HtmlSearch Documentation: Overview
Why use HtmlSearch
The HtmlSearch allows you to search through a web site that is either local
(e.g. on your hard disk , a CD-ROM or a LAN) or remote (e.g. on the World Wide Web).
Many web sites have a search facility but it generally involves the execution of a
CGI script that is located on the site's server.
If a site is located on a server that does
not support CGI scripts, or on a local media, you cannot search it.
HtmlSearch allows you to search without the assistance of CGI scripts. It is therefore useful for:
Main features
New in Release 2.1
Usage
There are 2 versions of HtmlSearch:
- HtmlSearch lite which is simple search engine with basic capabilities.
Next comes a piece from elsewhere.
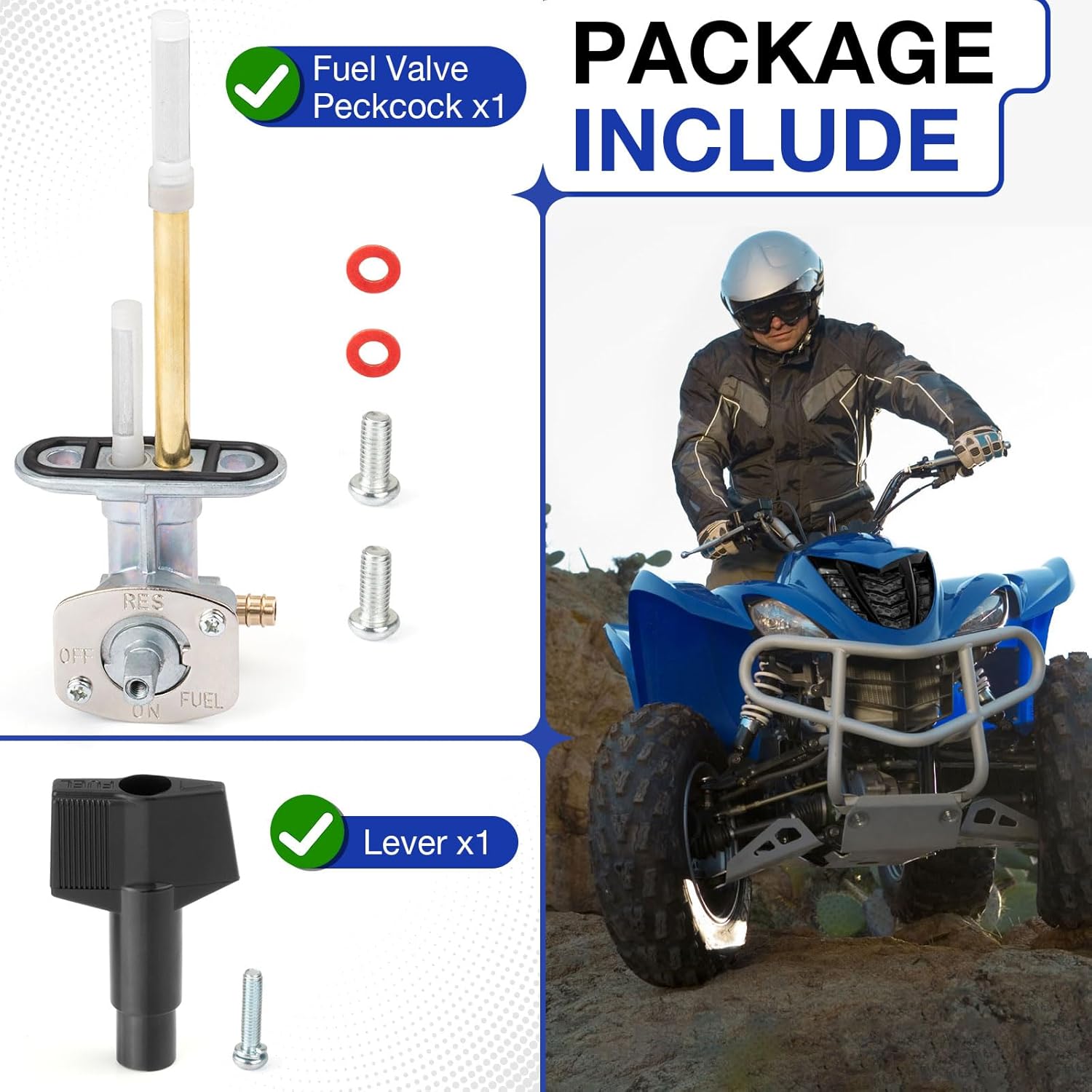 ヤマハウルヴァリン350 2WD YFM350X 2006 2007 2008 2009用燃料バルブペックコック&amp;レバー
So say you, why bother with it ? it's free !!!!. You can download it and pass it along. It's a good idea to
register your copy, because we can notify you in case of bug fixes. It also allows us to know how and where
HtmlSearch is used, so we can improve it.
- HtmlSearch Pro gives you all the features described above.
It is a shareware, so please register your copy
and you'll sleep better knowing that you've done the right thing.
HtmlSearch can be used in one of 3 modes:
- As part of a page in a web site: the site's designer has configured HtmlSearch to work on this web site.
Depending on the choices s/he made when incorporating HtmlSearch, you may be able to search outside
of that site, or not, have access to all the panels described in this help or not, etc...
- As part of a web page not included in a web site: this would be the case for example if you
downloaded the HtmlSearch program so you can use it on any web site or files.
- As an application executed outside of a web page. This offers the advantage of unrestricted access
to local or remote files and pages, but since it is not executed within a browser, you will not
be able to view the pages that match your search.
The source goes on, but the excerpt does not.